Published on March 27, 2009 | Email this article

Google says it is working on technology that allow advertisers to buy ads across Google TV Ads, YouTube and other Web video, all via the same interface, in an effort to bring bigger advertisers to both services.

The new service, called Google TV Ads Online, is being tested with a small group of advertisers, Google’s director of television ads, Michael Steib, said in an interview with the Wall Street Journal. Google TV Ads Online, which Google hopes will make it easier for big brand advertisers to spend across both services, is likely to be unveiled within a matter of months. Google is working to determine the best ad formats, Steib says.

For the new effort to be successful, YouTube will have to feature longer-form video like TV shows and movies, during which viewers tend to tolerate longer ads. But the video giant has only signed a small number of full-length content deals to date, including one with CBS Corp.

As television viewers continue to migrate to watching on the web, Google and other internet companies are in a mad dash to steal dollars from broadcast and cable television.

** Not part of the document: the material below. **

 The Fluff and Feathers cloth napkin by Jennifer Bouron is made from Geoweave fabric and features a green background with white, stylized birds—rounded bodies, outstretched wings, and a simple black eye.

Meanwhile traditional television outlets are fighting back by creating their own online services, like NBC’s Hulu and CBS’s TV.com.

According to a new survey from Knowledge Networks, some 80% of network TV video downloaders favor watching ads in exchange for free video (up from 67% in 2006), while 69% of network video streamers either watch the pre-roll ads before the video or listen to those ads while doing something else on the computer.

Google recently exited both its offline radio advertising and its print advertising programs.

In related news, Google announced it is cutting its sales and marketing staff by about 200 positions - its biggest round of layoffs not associated with a merger.